The actual modelling is pretty easy. We have labelled data, i.e., presence and pseudo-absence data. Now we pick a number of random points from the presence and absence data to train the model and validate it. We use the Random Forest algorithm, which is fast and commonly used in the literature (Gradient Boosting algorithms, e.g. XGBoost, which are popular in the Machine Learning Community, could be used as well, but in most cases, the upsides of potentially higher accuracy are not worth the additional parameter tuning).

While training, we have to take into account spatial autocorrelation: Nearby points are generally strongly correlated than the ones further away. This can mess with the model. To reduce the impact, we use an approach called spatial block cross-validation. We make sure that the points that are used for training have a minimum distance from the testing points. This reduces spatial autocorrelation and makes our model more robust.

Without further ado, let’s present the results. Below, you can see the habitat suitability of the Ibis in Italy. Green means high suitability, and red means bad suitability. In black, the sightings are shown.

We can see that the Ibis likes flat areas and does not like the mountains. The northern flats of Italy are very popular with Ibis. With the most sightings and great suitability. Generally, the coastal areas are popular with the Ibis. Somehow, similar to Australians during Euro Summer. Generally, they prefer low altitudes without slopes. The tree canopy cover is not as important for the Ibis as it is for other birds. As the Ibis is quite big, most predators avoid it.

Final Thoughts 🧵

This project was really fun as it included my favourite bird in my neighbourhood. Turned out there was already similar research being done and published in Nature. So, we now have the technical skills to publish in Nature in 2021. Of course, the paper goes into much more detail about the Ibis, it’s history, how it got to Italy and more. But this is the great thing about a blog post. It does not need to be this extensive.

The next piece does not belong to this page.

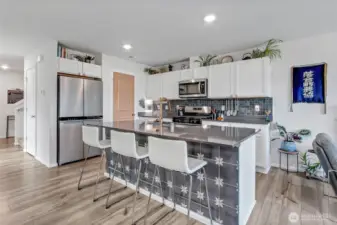 Kitchen with pantry, island and eating space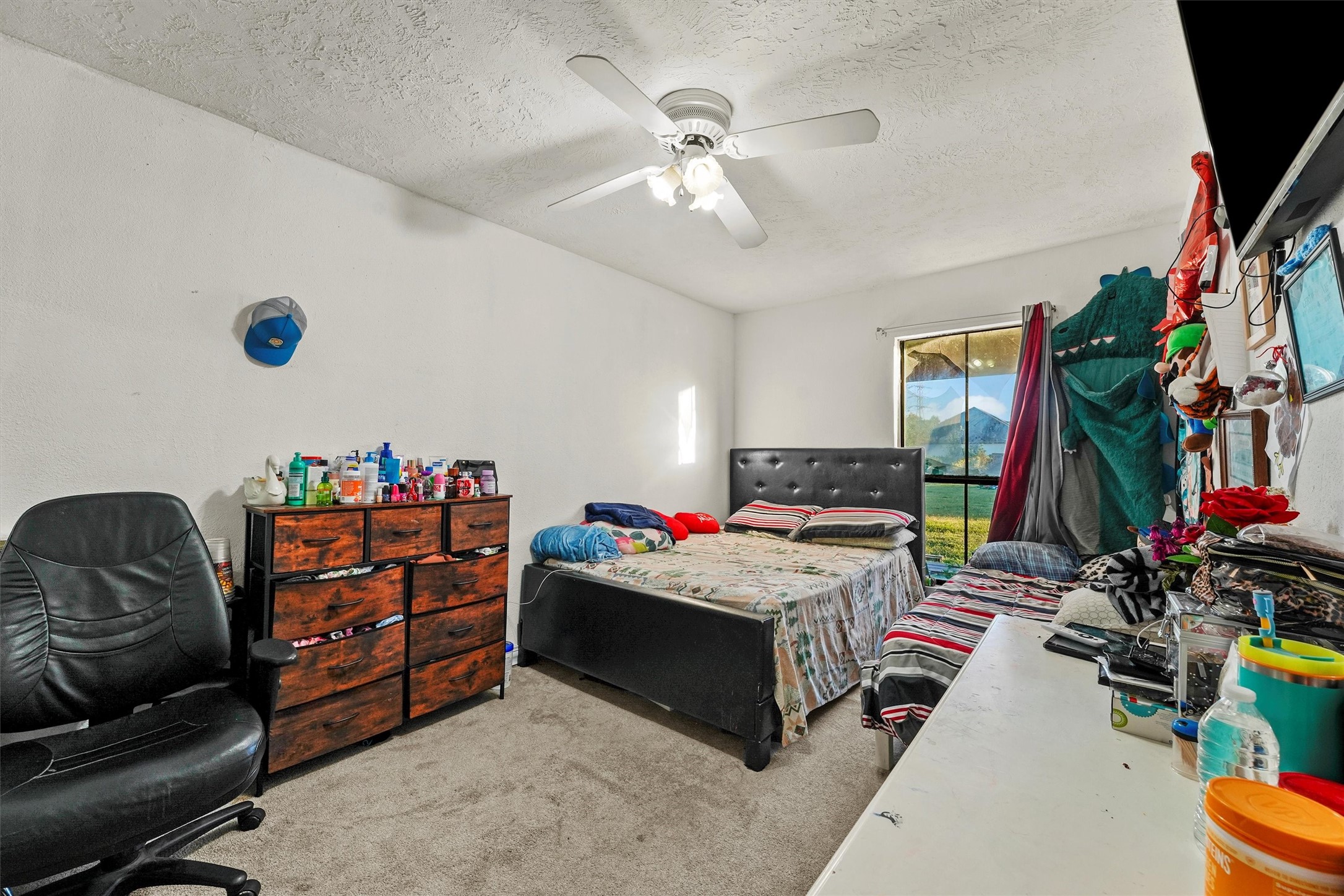 4322 Bennington Street Houston, TX 77016 - Photo 7 of 26 a bedroom with furniture and a flat screen tv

The biggest reveal was the GBIF platform for wildlife data. I thought it would have been really hard to come by presence data. Now with the basics of SDM, I can think about some more involved topics. The plan was to have an additional part on how the climate will affect the habitat of the Ibis, but as the most important factor for the habitat was the elevation and slope, I think climate projections will not affect the habitat much. But maybe I will do this in a future project.